Pair Corralation between Ferrari NV and BYD Company

Given the investment horizon of 90 days Ferrari NV is expected to under-perform the BYD Company. But the stock apears to be less risky and, when comparing its historical volatility, Ferrari NV is 1.69 times less risky than BYD Company. The stock trades about -0.13 of its potential returns per unit of risk. The BYD Company Limited is currently generating about 0.39 of returns per unit of risk over similar time horizon. If you would invest  3,000  in BYD Company Limited on July 3, 2024 and sell it today you would earn a total of  550.00  from holding BYD Company Limited or generate 18.33% return on investment over 90 days.
Time Period3 Months [change]
DirectionMoves Together 
StrengthVery Weak
Accuracy100.0%
ValuesDaily Returns

Ferrari NV  vs.  BYD Company Limited

 Performance 
       Timeline  
Ferrari NV 

Risk-Adjusted Performance

9 of 100

 
Weak
 
Strong
OK
Compared to the overall equity markets, risk-adjusted returns on investments in Ferrari NV are ranked lower than 9 (%) of all global equities and portfolios over the last 90 days. In spite of rather weak fundamental indicators, Ferrari NV may actually be approaching a critical reversion point that can send shares even higher in November 2024.
BYD Limited 

Risk-Adjusted Performance

11 of 100

 
Weak
 
Strong
Good
Compared to the overall equity markets, risk-adjusted returns on investments in BYD Company Limited are ranked lower than 11 (%) of all global equities and portfolios over the last 90 days. Despite nearly unfluctuating fundamental indicators, BYD Company reported solid returns over the last few months and may actually be approaching a breakup point.

Ferrari NV and BYD Company Volatility Contrast

   Predicted Return Density   
       Returns  

Pair Trading with Ferrari NV and BYD Company

The main advantage of trading using opposite Ferrari NV and BYD Company positions is that it hedges away some unsystematic risk. Because of two separate transactions, even if Ferrari NV position performs unexpectedly, BYD Company can make up some of the losses. Pair trading also minimizes risk from directional movements in the market.
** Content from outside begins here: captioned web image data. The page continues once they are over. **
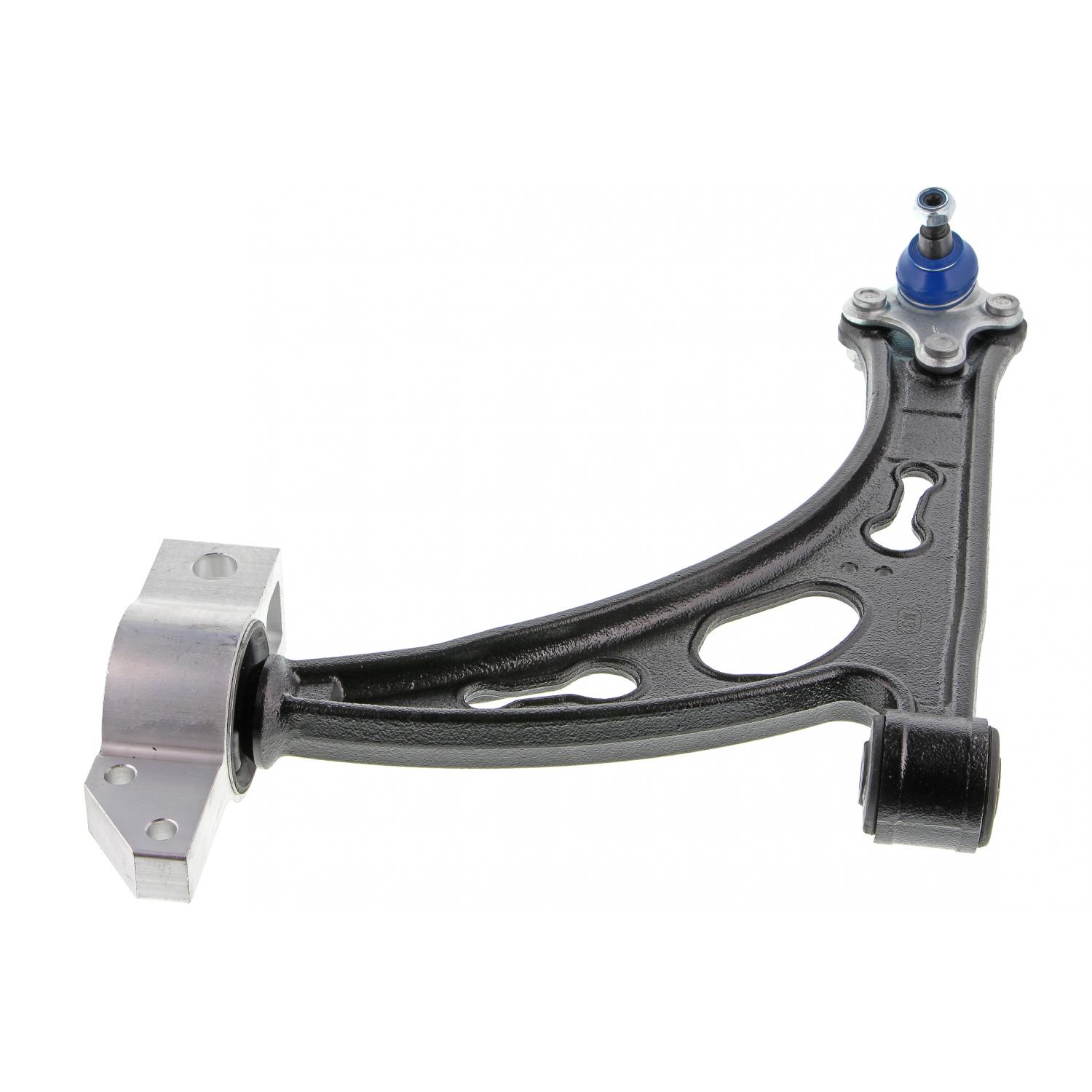 Mevotech CMS20477 - Suspension Control Arm and Ball Joint Assembly Mevotech CMS20477 Suspension Control Arm and Ball Joint Assembly product image 1 of 4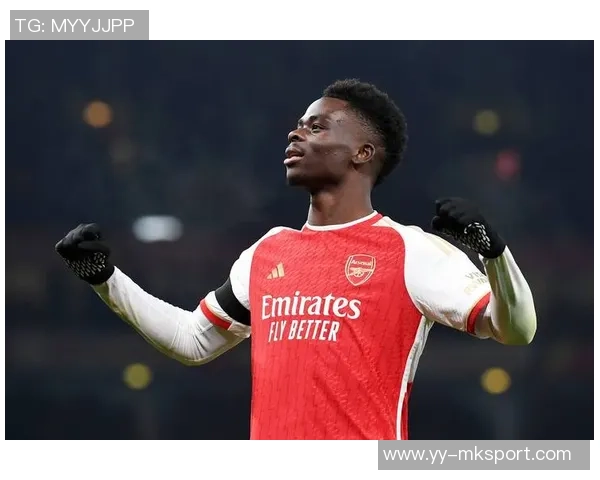 斯基拉报道廷伯与阿森纳续约谈判进展顺利有望签至2030年 斯基拉报道廷伯与阿森纳续约谈判进展顺利有望签至2030年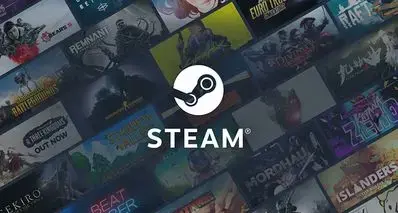 Steam更新定价转换数据！新增两个全新转换方式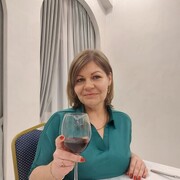 ���������� �����-���������, ���� ������� ���������, 36 ���, ������������ ��� c�������� ���������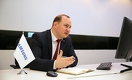 Пётр Дзюба, Samsung Electronics Central Eurasia: Нам нравится быть частью технологических перемен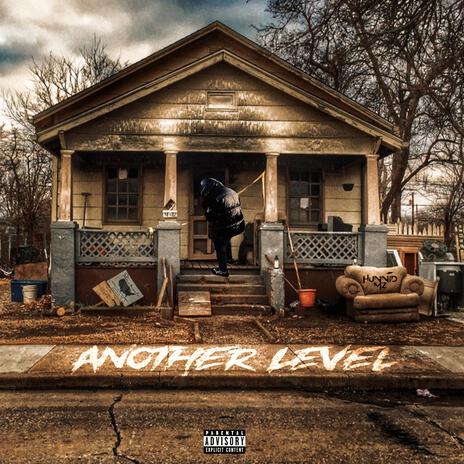 Another Level | Boomplay Music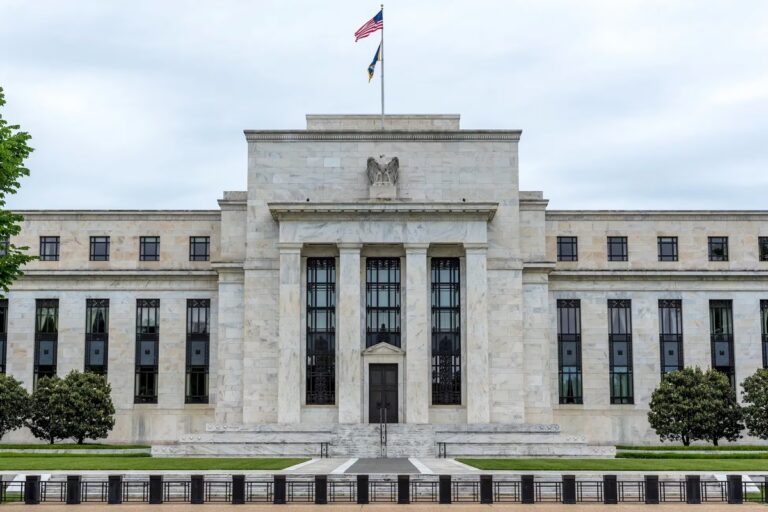 FRB、日銀、イングランド銀行が今週中に主要金利を決定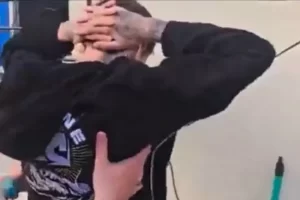 Polícia prende, em Olinda, suspeito de ameaçar youtuber Felca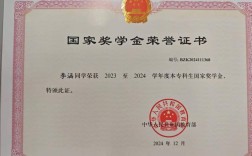 国奖对考博是加分项还是必备条件？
For example, if an entire industry or sector drops because of unexpected headlines, the short position in BYD Company will offset losses from the drop in BYD Company's long position.
The idea behind Ferrari NV and BYD Company Limited pairs trading is to make the combined position market-neutral, meaning the overall market's direction will not affect its win or loss (or potential downside or upside). This can be achieved by designing a pairs trade with two highly correlated stocks or equities that operate in a similar space or sector, making it possible to obtain profits through simple and relatively low-risk investment.
Check out your portfolio center.
Note that this page's information should be used as a complementary analysis to find the right mix of equity instruments to add to your existing portfolios or create a brand new portfolio. You can also try the Equity Forecasting module to use basic forecasting models to generate price predictions and determine price momentum.